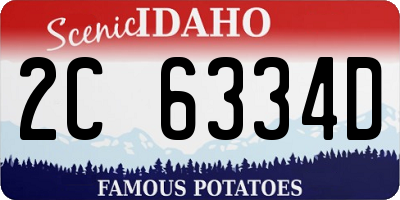 ID license plate 2C6334D
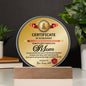 Mom-World's Most Marvelous-Circle Acrylic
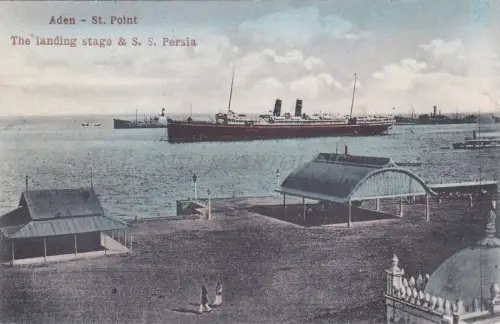 JEMEN - Aden - St. Point - The Landing Stage & S. S. Persia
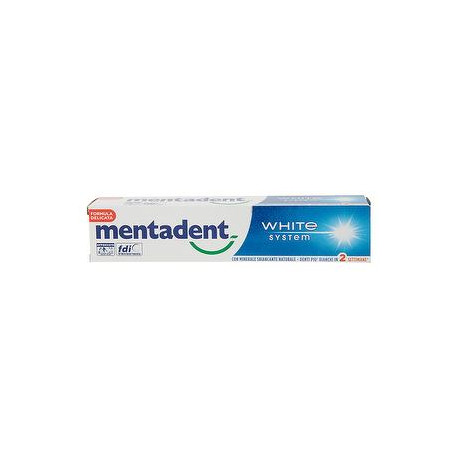 Dentifricio medium white system MENTADENT 75ml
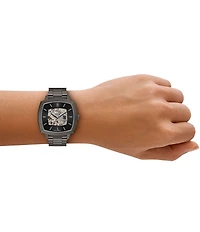 Fossil x Nick Jonas Machine Luxe Automatic Stainless Steel Bracelet Watch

● ● ● ●

## [What to produce]
Reproduce exactly, and only, the lines from the one holding "Mom-World's Most Marvelous-Circle Acrylic" through the final line of the entries. Do not include the pictures.

## [Problem solution]
 Mom-World's Most Marvelous-Circle Acrylic
 JEMEN - Aden - St. Point - The Landing Stage & S. S. Persia
 Dentifricio medium white system MENTADENT 75ml
 Fossil x Nick Jonas Machine Luxe Automatic Stainless Steel Bracelet Watch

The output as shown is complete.